Friday, February 19, 2010

Phone texting...

It never ceases to amaze me how much Ryan loves to text. I enjoy getting them, and it is a quick and (relatively) easy way to keep in touch and share the latest news... and he uses it to get my head turning very often, which is a good thing. I'm just not coordinated enough to respond with the lightning speed that my children are so able to employ on the phone I have now, so many of Ryan's text rants go unanswered by me (although all get read, I promise you that).

However, if Ryan put even half the energy into posting on this site that he does into texting his views and opinions, we'd be a lot busier here on the Bund.

So, he sends me a text last night (or yesterday, as I am not in the habit of carrying that damn phone with me everywhere I go) about something I wrote concerning my perception that Reagan employed Keynesian economic planning to help bring the US out of the recession started during the Carter years and helped push the US into the "boom" years of the '90s. The gist of the text was that Reagan didn't use Keynes strategies at all, because Reagan only "deficit spent" on military expenditures that directly confronted an external foreign threat (i.e. the USSR).

This leads me to believe that Ryan thinks Keynes entire economic theory is based on the premise that a national government must deficit spend to successfully manage an economy. This simply isn't true.

To put it as simply as I possibly can, Keynes promoted the idea that when a nation faced a booming economic climate, the government should work from a balanced budget, with that balance coming either from a moderate hike in taxes or a smaller budget. When that same government faces a tightening economy, then the tax rate should be lowered and the government should be allowed to deficit spend to continue functioning. This premise is based on the conviction that the burden of revenue should never act as a "brake" on economic recovery in tough financial times.

There is no historical figure from American politics more associated with Keynesian economic than FDR... but I want it clearly understood that this is NOT TRUE! FDR and the New Deal policies only followed HALF of Keynes formula (spending money we didn't have) while ignoring the rest of his ideas (lowering taxes to keep money in the hands of consumers like you and I). This method of economic planning was followed by every American administration after FDR until 1981.

The first (and only, to date) American President that followed Keynes ideas correctly and successfully was Ronald Reagan. He did this by recognizing that the American economy was in a very bad place, and he lowered taxes and allowed the Federal government to operate "in the red" where necessary, knowing that the economic turn-around that would come would allow for future balanced budgets and a reduction of the national debt.

I can't stress this enough... both Carter and Reagan signed budgets that were far above what the Federal government was bringing in with revenue (meaning deficit budgets).
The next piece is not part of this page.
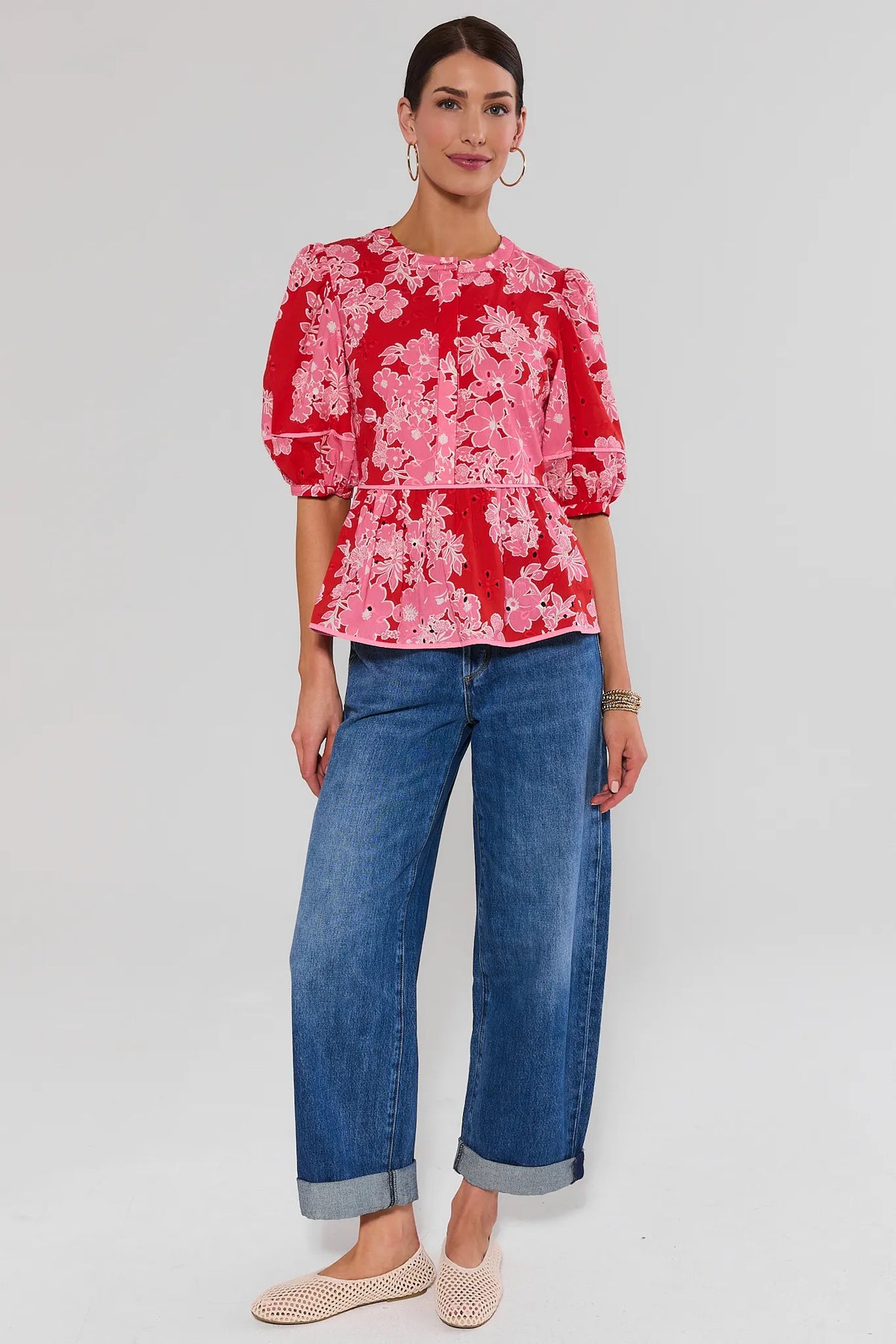 Woman wearing red floral eyelet peplum top styled with wide-leg blue jeans and flats, full-length view | Avara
The ONLY significant difference between the two was that Carter RAISED taxes and Reagan LOWERED them. That is why Carter's administration was unable to fix the recessions that started under the Nixon-Ford years through an entire four-year term, while Reagan was able to show marked and measurable improvement in less than 18 months.

So, Ryan... please stop giving me all these 200-character essays explaining why Reagan's deficit spending on programs and departments that focused on external or foreign threats means that his administration wasn't following a Keynesian economic patterns. The point isn't that he was fighting a cold war to defeat the godless Communists and their Evil Empire, because technically every President since FDR was doing the same thing whether they admitted it or not. Reagan WAS fighting that cold war, and he WON that cold war because he changed the paradigm by which all previous administrations had acted before his.

I am utterly convinced that Reagan's unquestionable economic success domestically is due entirely to his clear understanding of what Keynes said, and his ability to get that understanding into a functioning government budget. He lowered taxes, increased Federal revenue, and where he felt he could better spend funds already allocated, he did so by cutting spending in one area and moving it to another. The most glaring examples would be his massive cuts to the Depts of Education, Agriculture and Interior and his increased spending in DoD and national security facets (CIA, NSA, etc).

The flaw in the argument that Reagan didn't utilize Keynesian theory in his budget proposals and actions is two-fold. First of all, it is patently UNTRUE, as I think I have demonstrated time and time again. Secondly, the modern perception of "Keynesian economics" means that the term is automatically associated with liberal or progressive government policy that demands "out-of-the-black-and-into-the-red" spending at every level of government through massive work projects or huge government entitlement programs, which simply isn't the case.

I feel that Reagan's success is ample evidence that I am correct in that opinion.